Memotret menggunakan HP jelata dan masih cicilan, bikin saya tidak bisa mengimbangi momentum peristiwa dengan kecepatan tombol rana yang selalu taputar-putar dulu baru terdengar bunyi klik.

Dalam foto ini, bapak itu sudah lama berusaha menjadi pawang bagi anaknya yang rewel. Di tengah kebisingan manusia-manusia yang berburu nomor induk kepegawaian, anak ini gerah, ia menangis berusaha pergi dari gendongan Bapaknya. Sedang ibunya masih bertarung dengan TWK. Kalau anak bayi menangis, sudah pasti, Mama solusinya.

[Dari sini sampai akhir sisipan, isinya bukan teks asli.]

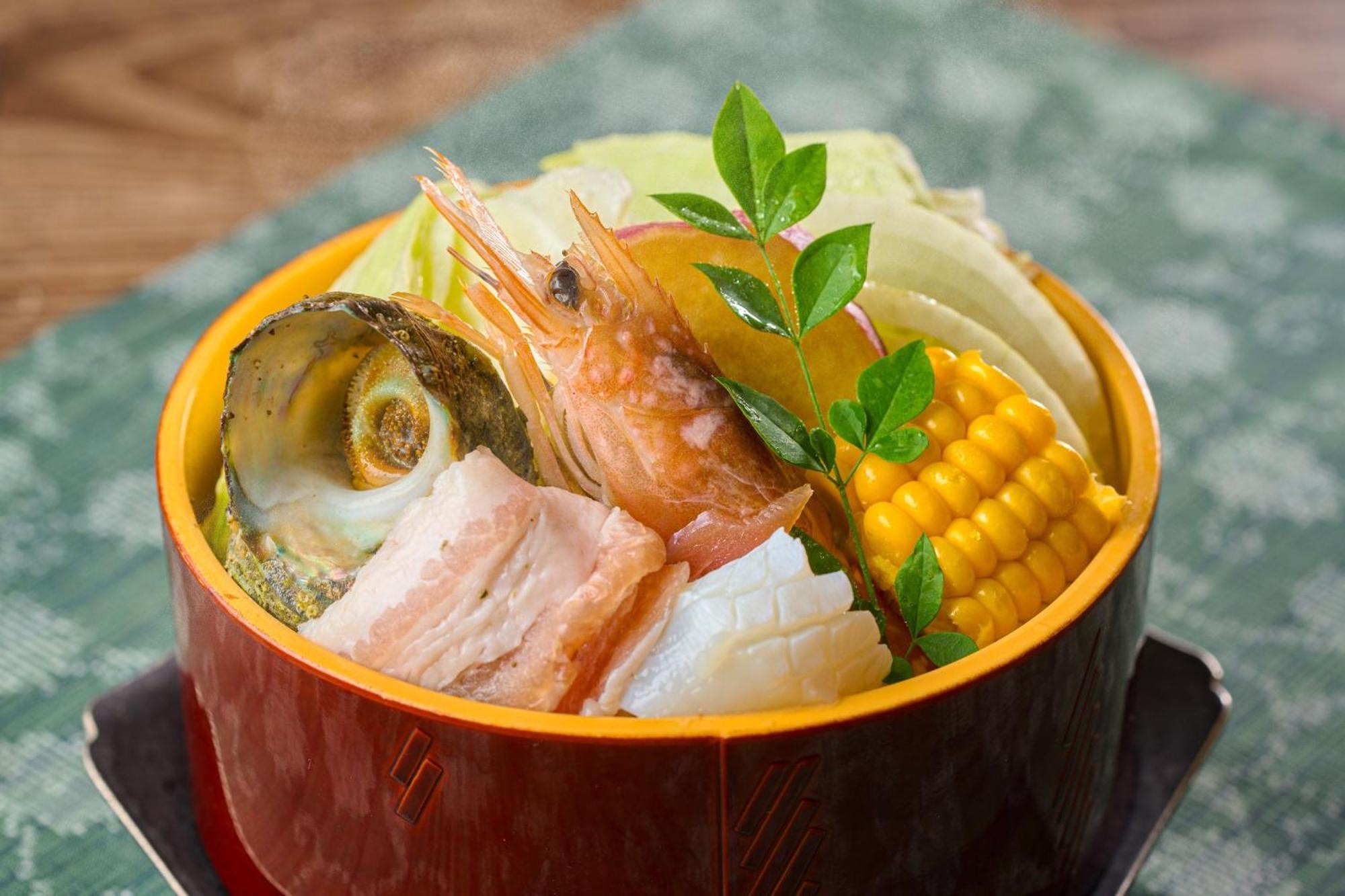 Ooedo Onsen Monogatari Premium Saiki Bekkan Misasa Esterno foto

Foto ala kadarnya ini selalu membuat saya senyum-senyum sendiri. Kala kembali menelusuri lorong-lorong waktu pada kejadian itu, saya kadang tertawa kecil, melihat si Ibu yang langsung tancap berlari menuju bayinya pas setelah keluar dari ruang ujian. Di tengah lalu lalang orang-orang, bayi yang memberontak dari bapaknya itu sekejap merasa damai setelah didekap ibunya. Bagi saya, dulu, itu adalah lucu. Unik.

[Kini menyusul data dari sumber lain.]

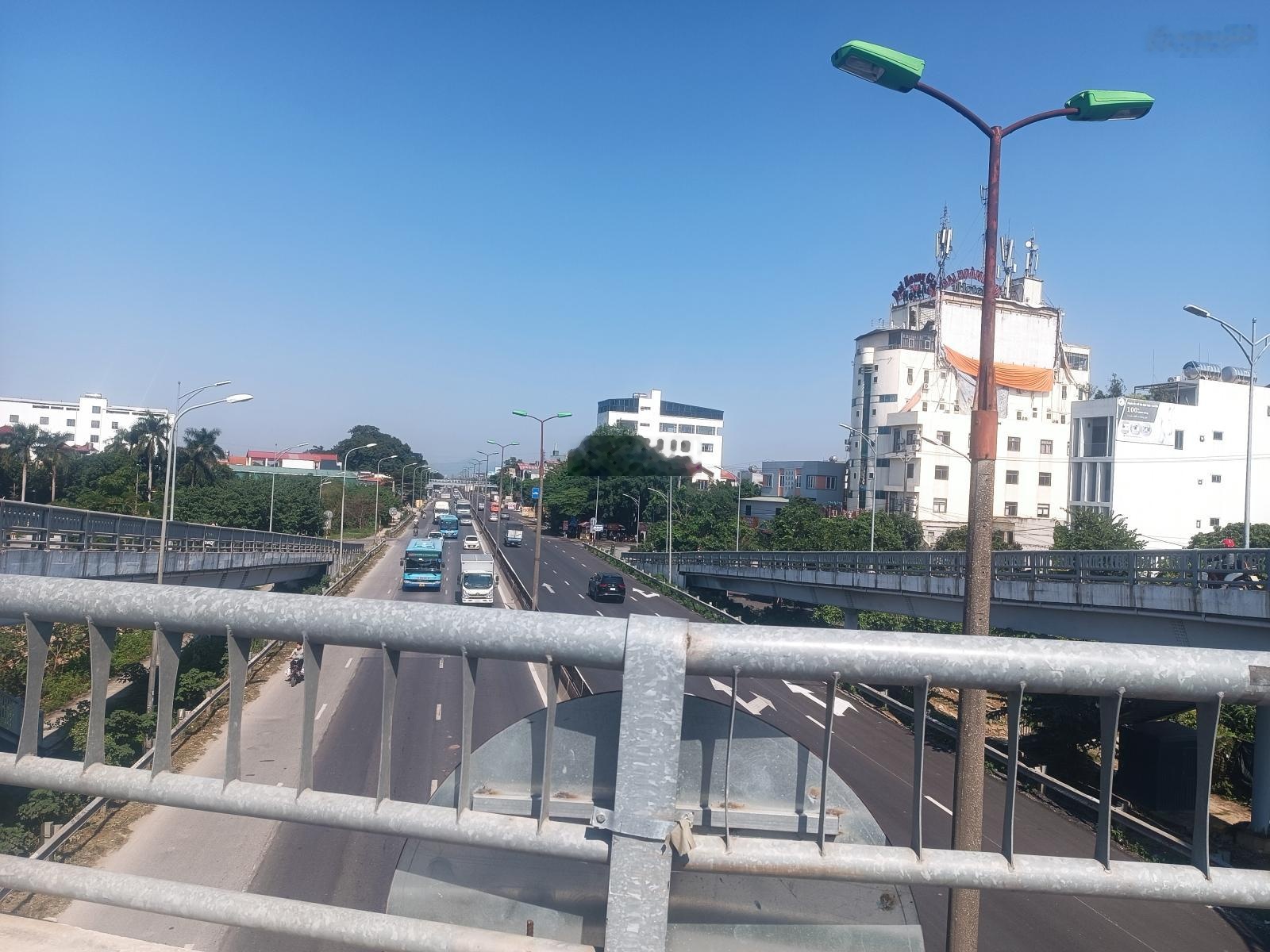 Bán nhanh 50m2 Nam Hồng, gần cầu Thăng Long - mặt ngõ ô tô 7 chỗ, chỉ 3,85 tỷ ctl 0983606868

Namun, ketika saya pun dikaruniai seorang anak, dan menemukan kembali cuplikan kejadian ini, perspektif saya memandang foto ini ikut berubah. Saya tatap lama-lama. Saya replay kembali dalam kepala, saya sudah tidak bisa tertawa lagi. Saya malah terharu. Saya kini sudah bisa merasai, bagaimana perasaan menjadi orang tua. Ternyata begini.

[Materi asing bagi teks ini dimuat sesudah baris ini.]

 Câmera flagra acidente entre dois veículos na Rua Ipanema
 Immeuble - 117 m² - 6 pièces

Benarlah apa yang diungkapkan Taufan Wijaya dalam Literasi Visual. Bahwa pemaknaan foto juga tergantung kapan foto itu dilihat. Interval waktu antara proses penciptaan foto dengan waktu foto itu dilihat akan memberi nuansa berbeda. Hal ini bisa dipengaruhi oleh perubahan sosial budaya dan pengalaman individu.

Bagaimana sensasi yang Anda rasakan, ketika melihat imaji Anda sendiri beberapa puluh tahun lalu atau masa-masa ketika Anda sekolah dulu?. Silahkan buka, selidiki album keluarga. Tentu respon kita akan berbeda saat melihatnya dulu dan saat ini.

Foto-foto diri kita yang dipotret asal-asalan sewaktu dulu, akan berubah menjadi sesuatu yang paling berharga saat ini. Itupun sejalan dengan yang dikatakan Arbain Rambey, bahwa foto itu akan menjadi penting ketika dibungkus oleh peristiwa historis dan ini sangat subjektif.

Dari dua maestro fotografi itu, saya jadi open minded memandang karya foto tidak hanya sebagai seni visual yang menyajikan keindahan gradasi warna, komposisi dan objek. Meskipun dari sudut pandang jurnalistik tidak dapat kita pungkiri bahwa foto pun wajib indah, produk fotografi yang menampilkan satu perasaan mendalam dan membuat kita larut dalam perenungan adalah definisi indah. Setidaknya bagi saya pribadi.

Tentang satu episode kehidupan dalam frame ini, sekali lagi, saya merasakan kalau selain ketawa menjadi terharu juga penting.

Sekian, Selamat HUT 76 TNI. Manunggal bersama rakyat.

Apa hubungannya?. Nanti kita karang lagi.